Given a slower GDP outlook this year, investors need to be more selective about exposure. We believe commodities with constrained supply will outperform.

Gold has slumped more than 10 per cent this month, trading at around US$1,600 an ounce. Do you still see upside in the precious metal?

Many in the market questioned whether the movement signalled the end of the 10-year bull market for gold - we believe it does not. The defensive nature of gold should continue to support investment demand as investors look for safe havens. [Mr Allidina forecasts gold to touch $2,200 this year.]

Corn had a strong run last year. Do you expect the trend to replicate this year?

Tight US and global fundamentals leave us constructive on corn at least through the first quarter as larger livestock herds suggest higher feed demand. The development of dry weather in Argentina and Southern Brazil also bodes poorly for yields.

What is your view on soybeans? Prices rose 5.9 per cent last month.

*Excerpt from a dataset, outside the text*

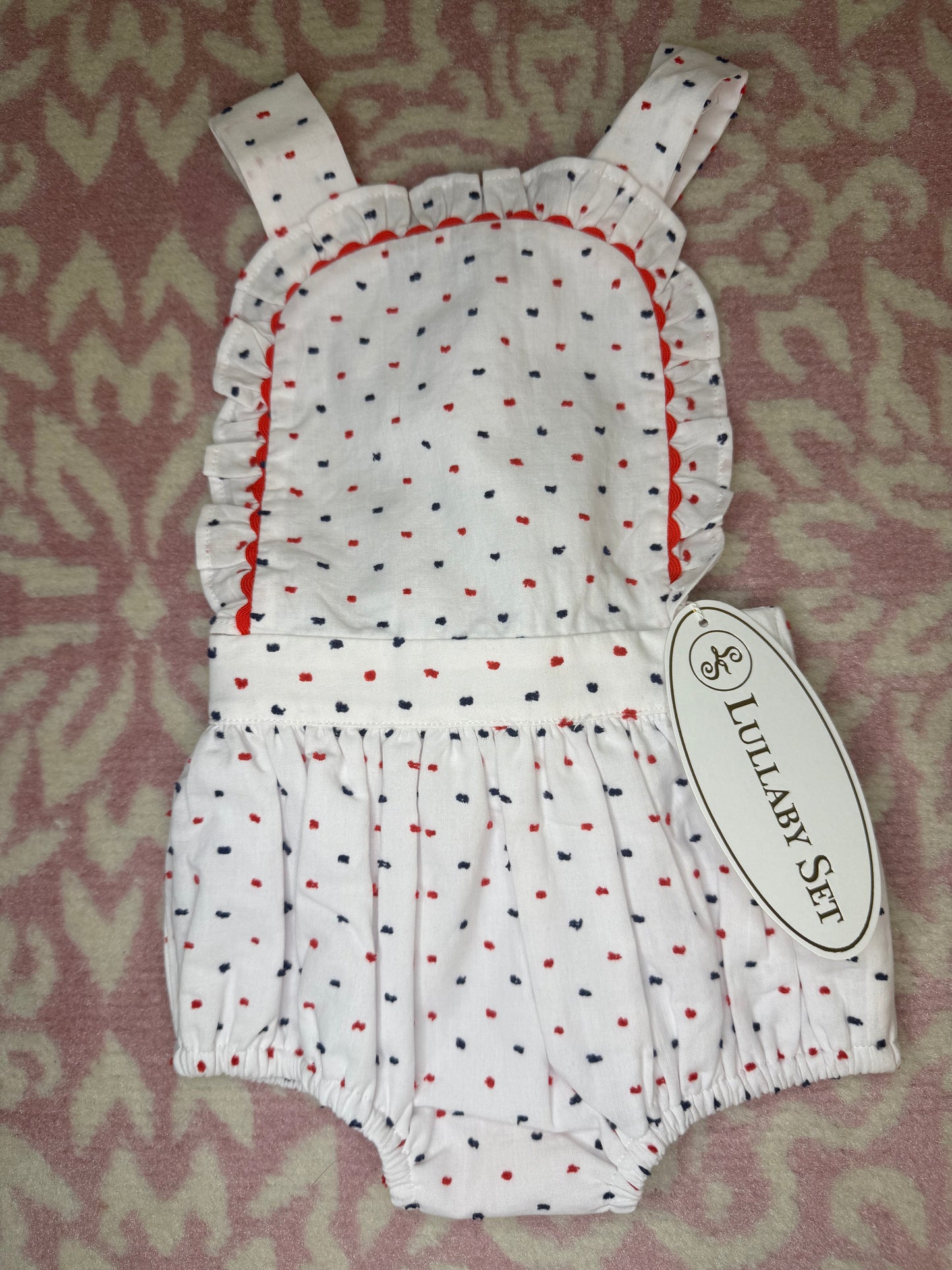 6M Lullaby Set Ruffle Swiss Red, White, & Blue Sunsuit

Soybean has been supported by concerns over dry and warm weather in South America and competition from corn. Dry weather in Argentina is expected to delay double-crop soybean planting, while a lack of soil moisture could also reduce final bean yields. Similarly in Brazil, December rainfall [declined] 36 per cent and 74 per cent year-on year in the states of Mato Grosso do Sul and Paraná. The two states together produce about one fourth of Brazil's soybean crop.

Energy was the second-best performer after gold last year, with Brent up 17.5 per cent and currently trading just above $102 a barrel. Where do you see the oil price going this year?

Tight fundamentals are likely to erode this year, given recovering supply and slowing demand. We expect oil to fall in the first half to as low as $85 to $90 a barrel.